Problem: Output the whole listing below exactly, omitting the images.

•••••

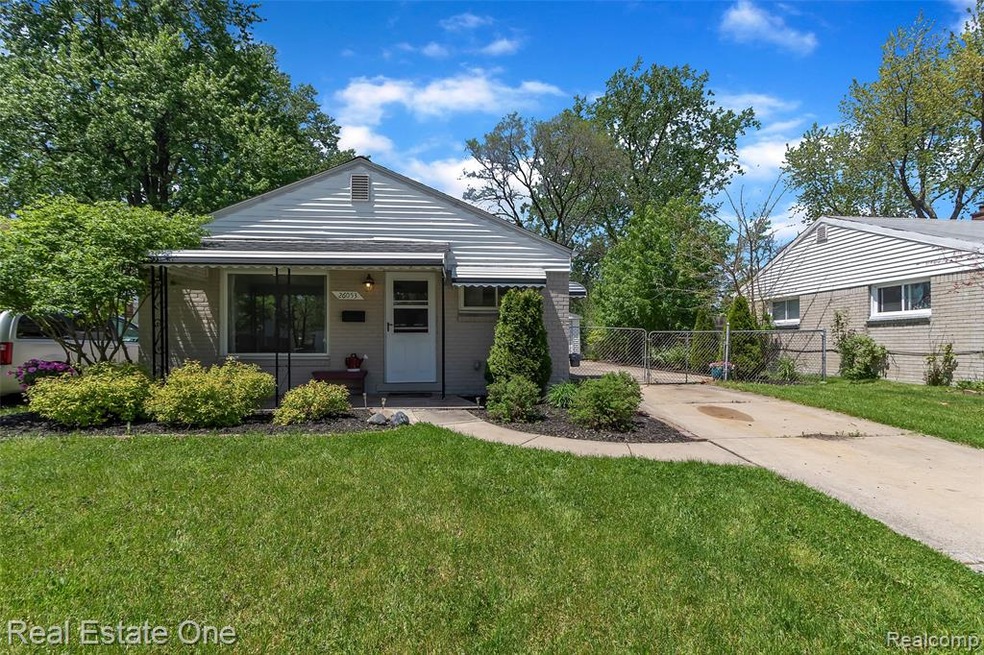 26053 Kathy St, Roseville, MI 48066 - photo 1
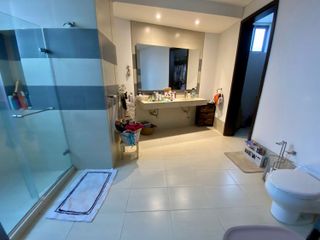 Exclusivo Apartamento en Alto Prado de 3 amplias habitaciones con baño. Ascensor directo al apartamento!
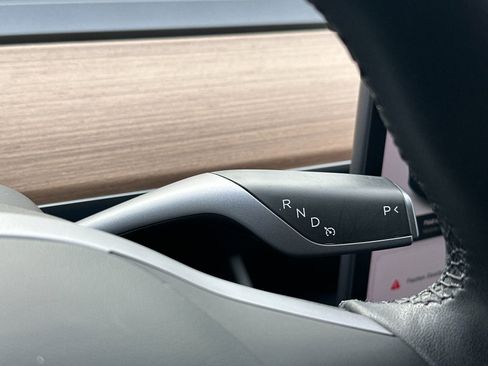 Used 2020 Tesla Model Y Long Range image 24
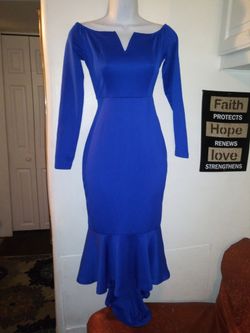 $13 size M beautiful blue dress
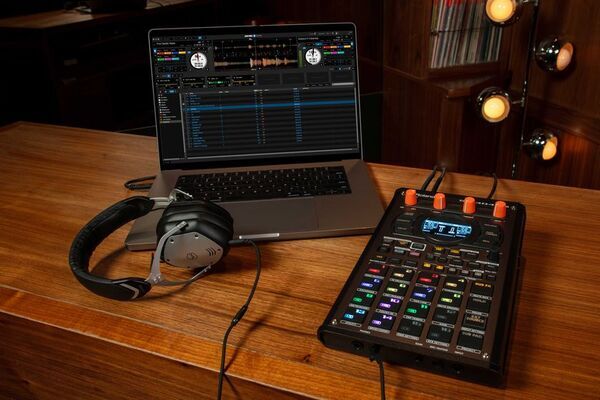 世界のミュージシャンやDJに愛されるサンプラー「SP-404」の20周年イベントを開催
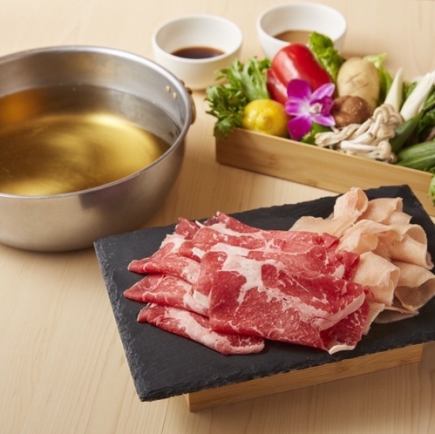 【ランチ11:00～16:00】当店一番人気！旨味牛肉も入った♪【牛豚鶏バラエティ食べ放題ランチ！】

•••••

Your solution:
 26053 Kathy St, Roseville, MI 48066 - photo 1
 Exclusivo Apartamento en Alto Prado de 3 amplias habitaciones con baño. Ascensor directo al apartamento!
 Used 2020 Tesla Model Y Long Range image 24
 $13 size M beautiful blue dress
 世界のミュージシャンやDJに愛されるサンプラー「SP-404」の20周年イベントを開催
 【ランチ11:00～16:00】当店一番人気！旨味牛肉も入った♪【牛豚鶏バラエティ食べ放題ランチ！】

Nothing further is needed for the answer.